Hi guys. I haven't posted here in awhile because I have not been building that many baits. I started tinkering a while back on a shad style bait based on the Bagley monster shad. I just finished this one and it's rattle can painted. I need to start practicing with my airbrush again. Sorry about the glare on the picture. I was at Portage Lakes on Saturday bass fishing. We were traveling at about 4.7 mph changing spots (no wake) and I decided to throw the bait out to see how it ran. I made a very short video with my iphone.


----------



## TIGGER (Jan 17, 2006)

Andy that looks great!!!!!!!!! Excellent action to boot! That thing will get smashed.

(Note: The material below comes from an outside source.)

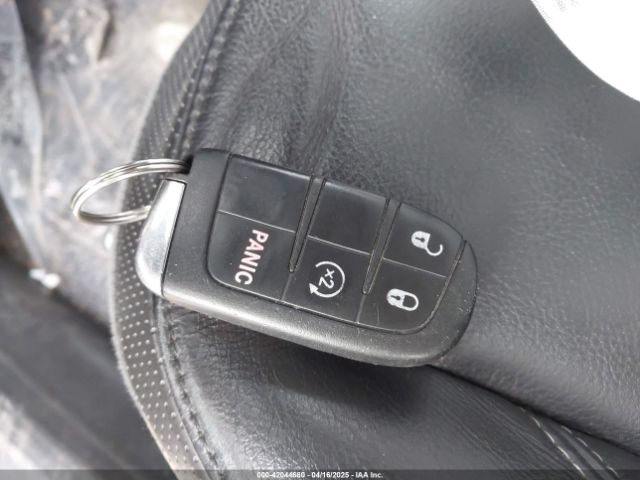 ZACCJADBXJPH67443 Jeep Renegade Limited Fwd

Are you going to night bite this year?


----------



## goolies (Jun 28, 2007)

Thanks John. The night bite on Lake Erie in the Fall is my favorite place and time to fish. I'll be out there.


----------



## triton175 (Feb 21, 2006)

Good one Andy! The action is great, especially for going 4.7.


----------



## goolies (Jun 28, 2007)

Thanks Brian. I was expecting the bait to blow out at that speed. Instead it started hunting.


----------



## All Eyes (Jul 28, 2004)

Very cool! Love the way it seeks randomly. That thing should really get some attention!!!


----------



## ranger373v (Oct 26, 2012)

neato! im starting shop on a new line of crank baits as we speak! going to expand the Steelie market.


----------



## ezbite (May 25, 2006)

looks great, has kind of a boss shad action (im not familure with the bagleys action).


----------



## goolies (Jun 28, 2007)

I painted some more shad style baits. The longer one is 4-1/2" long and the shorter ones are 3-1/4" long.


----------